I must admit it I take perfectionism to another level. Why am I so (for lack of a better word) anal?
Gratefully, after many years I have learned that being perfect is NOT the best way of life for me. It may not be the best way of life for you either and here’s why…
Life is messy and filled with uncontrollable moments of joy and bliss as well as moments of sadness or guilt. Life just happens, and the harder we try to control it the more we end up losing control. When we are constantly struggling to seek perfection we miss most of the little things throughout the day that bring us joy, as we are spending too much time trying to perfect everything! We miss the intoxicating smell of the roses, or the friendly smile from a neighbor, a missed call from our long time childhood friend or the sweet glance from our lifetime partner.
Time that is spent trying to PERFECT LIFE takes away life! We miss numerous opportunities throughout the day that could bring us so much JOY! When you realize this, you realize how much time you have wasted.
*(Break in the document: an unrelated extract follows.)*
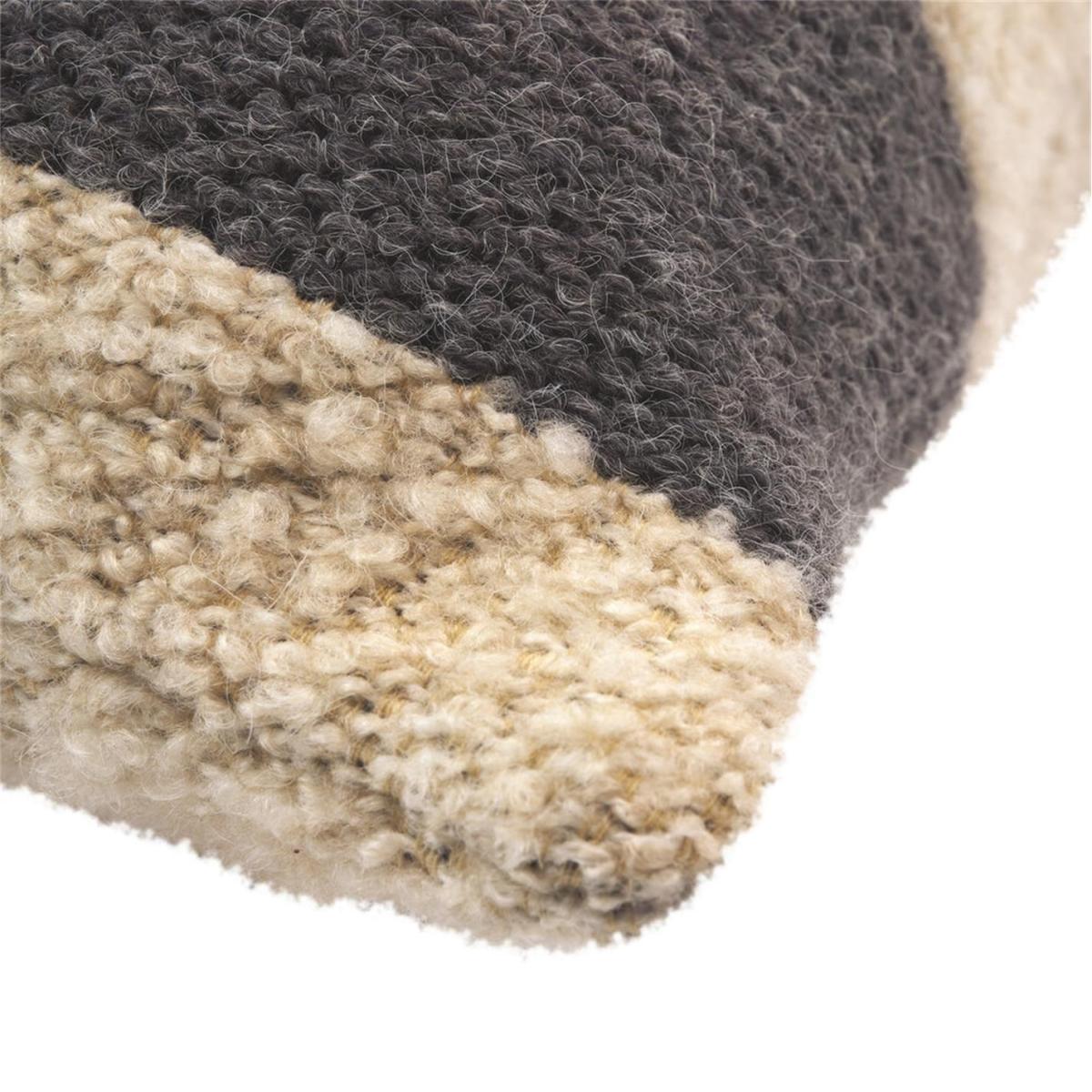 Urban Cushion – image 5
Why do women torment themselves with such high standards? When we learn to lean in and unleash our tight little claws from the incessant need for perfection we realize that being in the messy actually feels pretty nice. Life happens in the messy. There is truth in the messy.
Truth be told, most perfectionists never realize that they suffer from this disorder, nothing is ever perfect enough and everything must be perfect. Webster’s dictionary defines perfect as, “having all the required or desirable elements, qualities, or characteristics” or “as good as it is possible to be” or even as simple as being “complete”. I have spent a lifetime seeking a “feeling” that is unattainable, only because true perfection does not exist. So how many of you out there are like me?
I have some suggestions to help soothe your inner perfectionist so that you can focus on the here and now. Acknowledge moments when you feel the need to perfect something (when you feel the most anxiety). Practice a breathing exercise. Take a moment and breathe it in and breathe out. Begin to journal when you experience your perfectionist at its highest. Journaling acts as a tool to reflect upon and identify when you are at your weakest.
More importantly, love yourself wholeheartedly and acknowledge that you are taking positive steps towards a better self.